Tag Archives: possible solutions

Reuters Institute papers used in Ofcom regional news review

Three academic papers with ‘possible solutions’ for the industry crisis were used to inform Ofcom’s review of local media, published yesterday. In its review Ofcom warned that the ITV network will be facing a loss of up to £64m a year by 2012, if it has to continue providing regional news bulletins.

The RISJ authors’ suggestions for protecting the diversity of regional news included forming government news trusts, a press subsidy system and more government and regulatory intervention.

From the Reuters Institute for the Study of Journalism at Oxford University:

‘Navigating the crisis in local and regional news’ by Dr Andrew Currah examines the current crisis and new systems of support, and charitable and other forms of organisation to support local news: PDF at this link.

‘Journalism, democracy and the public interest’ by Steven Barnett looks at regulatory approaches to local media ownership and their role in achieving public interest objectives. PDF at this link.

‘Press subsidies and local news: the Swedish case’ by Karl-Erik Gustafsson, Henrik Ornebring and David A L Levy examines the current system of press subsidies that operates in Sweden which has underwritten the plurality of news supply, which characterises the Swedish local newspaper industry. PDF at this link.

Ad spend will bounce back, says Fry; multiple models needed, counters McCall

Amidst what was otherwise a fairly gloomy House of Commons select committee session on the future of local media in the UK [see Claire Enders’ prediction that half of the UK’s regional newspapers will close in five years and her comments on bloggers], Johnston Press chief executive John Fry remained staunchly optimistic about the cyclical/structural elements of the decline in local media.

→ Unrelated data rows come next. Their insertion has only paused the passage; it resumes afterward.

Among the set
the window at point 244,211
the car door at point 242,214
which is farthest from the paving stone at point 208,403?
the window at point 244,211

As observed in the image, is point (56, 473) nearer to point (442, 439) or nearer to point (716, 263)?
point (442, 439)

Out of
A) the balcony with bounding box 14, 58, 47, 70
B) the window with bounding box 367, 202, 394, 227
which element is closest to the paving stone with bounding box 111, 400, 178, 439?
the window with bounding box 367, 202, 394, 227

While all members of the panel agreed that this was the worst crisis faced by local media in the industry’s history, Fry said the decline in advertising revenues for his group was more cyclical than structural.

“That implies that there will be a bounce in advertising when that changes. From here onwards we’re likely to bottom out. When the economy recovers we’ll see a recovery in advertising,” he said.

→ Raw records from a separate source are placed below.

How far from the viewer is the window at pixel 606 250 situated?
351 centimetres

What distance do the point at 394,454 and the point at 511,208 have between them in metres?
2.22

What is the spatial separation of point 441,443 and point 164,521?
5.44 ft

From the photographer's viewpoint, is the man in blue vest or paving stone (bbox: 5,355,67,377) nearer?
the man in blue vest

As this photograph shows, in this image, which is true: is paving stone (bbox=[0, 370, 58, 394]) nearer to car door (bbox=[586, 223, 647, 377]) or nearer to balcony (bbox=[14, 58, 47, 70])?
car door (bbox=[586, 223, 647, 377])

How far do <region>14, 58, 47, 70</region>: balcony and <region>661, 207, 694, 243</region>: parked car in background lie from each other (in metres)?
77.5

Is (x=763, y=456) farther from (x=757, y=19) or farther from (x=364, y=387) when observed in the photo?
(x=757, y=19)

Guardian Media Group chief executive Carolyn McCall was quick to temper Fry’s optimism:

“I don’t believe the prospects for recovery, particularly in classified advertising are particularly strong. I don’t expect to see a great deal of those three big markets – I don’t think bounce is the right word – I think it will come back slowly, it will come back in a different form or shape,” she said.

“The structural change is too profound and the economic recession has just hammered it. Deregulation is one step towards helping. It’s not a panacea. It raises all sorts of important issues about jobs.

“One thing we’re going to have to face about this industry is that it’s going to be a smaller industry with less people in it. Consolidation will help because then the clustering of assets in the right place, will makes more sense, you’ll get more scale.”

All three panellists (Fry, McCall and Trinity Mirror’s Sly Bailey) taking part in the evidence session (which had earlier taken comments from Claire Enders and DC Thomson’s Christopher Thomson) supported consolidation and the relaxation of newspaper merger rules to help local newspapers.

Yet it was McCall again with the most sensible comments – a range of issues and possible solutions need to be considered: discussions about aggregators; consolidation; support for web development; the use of part-paid, part-free access; state-funding; and the problem of council newspapers.

The industry needs to move away from the display advertising model to – not just one business model – but lots of business models, she added.

If any of them can sustain quality local journalism, none should be ruled out, she said, echoing comments from the Society of Editor’s executive director Bob Satchwell to Journalism.co.uk last week.